The Rogue desk knows lottery scams are common. But sometimes it's instructive to remember just how scummy the scammers are.

In the past three weeks, thousands of people nationwide got letters from this week's Rogue, something called the Global United Sweepstakes Lottery, congratulating them on winning big bucks. Oregon officials report only one call but strongly suspect there are more victims because people are usually too embarrassed to report their gullibility.

In this case, "lucky" winners receive a forged cashier's check in the mail from MCT Credit Union for up to $3,000. Officials say MCT is a legit credit union in Texas that has no connection to the scam. Winners are instructed to call a claims agent for further instructions. When they call, they're told that the check is an advance on their winnings, and that they should wire the money to a location in Canada for processing and international taxes. The message promises someone will come to their homes in 24 to 72 hours with untold riches.

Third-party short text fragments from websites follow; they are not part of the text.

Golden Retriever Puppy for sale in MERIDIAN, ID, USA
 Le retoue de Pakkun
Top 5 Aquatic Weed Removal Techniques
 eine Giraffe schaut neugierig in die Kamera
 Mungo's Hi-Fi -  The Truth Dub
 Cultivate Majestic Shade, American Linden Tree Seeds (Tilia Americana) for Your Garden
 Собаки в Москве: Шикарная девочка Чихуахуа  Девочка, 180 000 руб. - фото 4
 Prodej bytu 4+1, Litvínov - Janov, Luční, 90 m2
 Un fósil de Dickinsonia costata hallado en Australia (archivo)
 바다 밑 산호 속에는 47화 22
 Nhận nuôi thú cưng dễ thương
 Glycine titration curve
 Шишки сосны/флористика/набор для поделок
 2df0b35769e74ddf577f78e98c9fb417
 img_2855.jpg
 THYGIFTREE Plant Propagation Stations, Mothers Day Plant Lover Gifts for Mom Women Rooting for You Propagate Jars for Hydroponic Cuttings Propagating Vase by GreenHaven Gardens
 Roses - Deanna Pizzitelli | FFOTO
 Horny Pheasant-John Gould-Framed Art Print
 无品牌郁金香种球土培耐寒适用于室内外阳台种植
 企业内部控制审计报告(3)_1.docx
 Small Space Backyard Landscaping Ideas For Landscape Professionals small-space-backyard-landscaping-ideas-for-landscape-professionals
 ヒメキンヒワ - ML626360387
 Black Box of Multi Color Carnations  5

When the Rogue desk called the number, the message said we'd reached a "David Cohen" but that there was no room to leave a message. According to investigator Rob Brunner at Oregon's Division of Finance and Corporate Securities, con artists use recordings on disposable cell phones, letting them change numbers often to avoid being tracked.

The story is, of course, sadder for the people who wire the money to Canada. Nothing ever arrives at their doors except the original forged cashier's check, returned from MCT Credit Union because it's fake. And their bank accounts are debited for the $3,000.

Brunner says anyone who gets a winning notification from Global United or any other unknown lottery should report it to local police.